- [Problem to solve]:
In the copy, include exactly the lines from the one with "Spoedmelding ambulance in" through the end of the data and no others, both ends kept, with every picture left out.

- [Available data]:

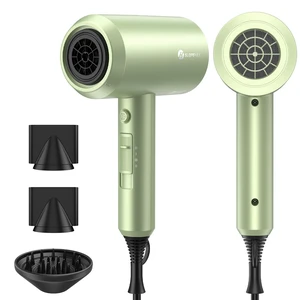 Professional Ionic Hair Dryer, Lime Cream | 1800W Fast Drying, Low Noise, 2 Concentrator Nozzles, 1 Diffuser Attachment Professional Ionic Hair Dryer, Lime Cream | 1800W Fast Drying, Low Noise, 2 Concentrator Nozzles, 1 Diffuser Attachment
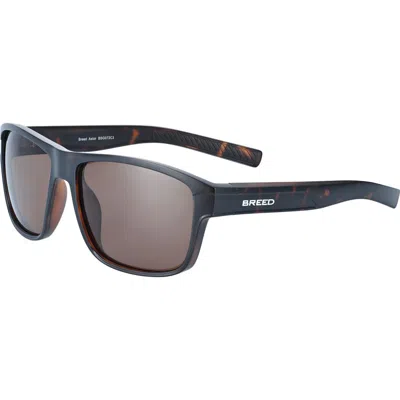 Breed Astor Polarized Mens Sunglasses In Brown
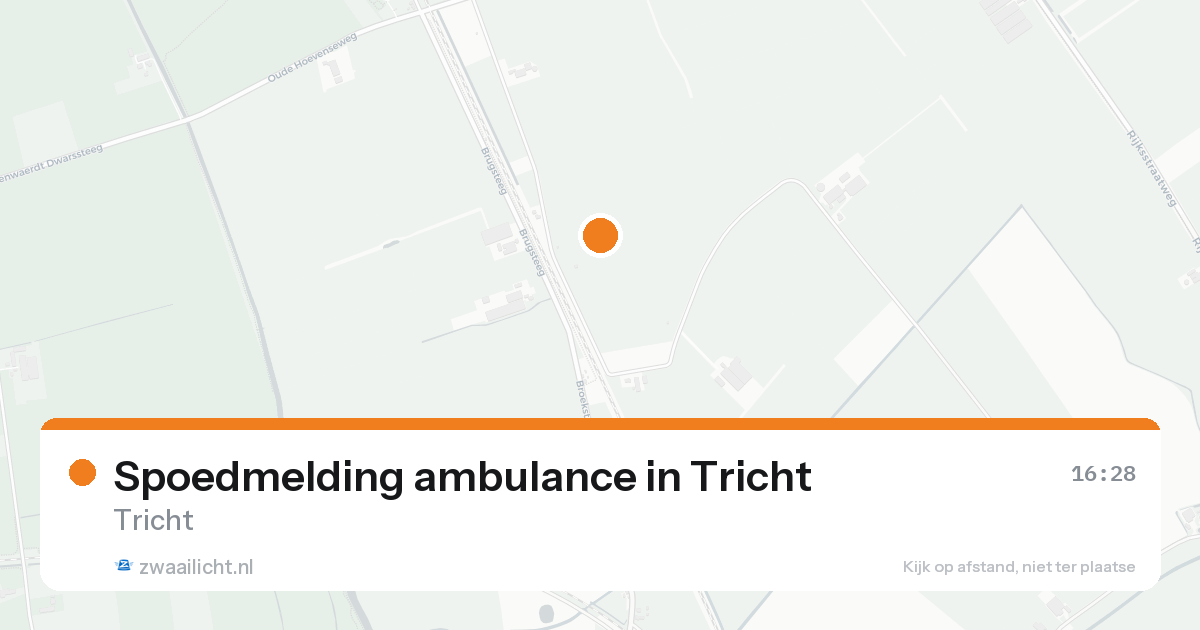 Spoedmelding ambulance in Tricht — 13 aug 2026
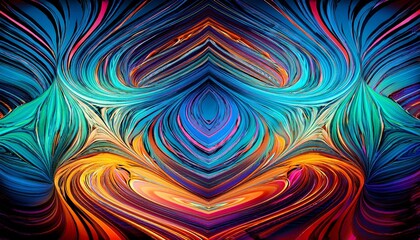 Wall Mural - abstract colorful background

- [Solution below]:
 Spoedmelding ambulance in Tricht — 13 aug 2026
 Wall Mural - abstract colorful background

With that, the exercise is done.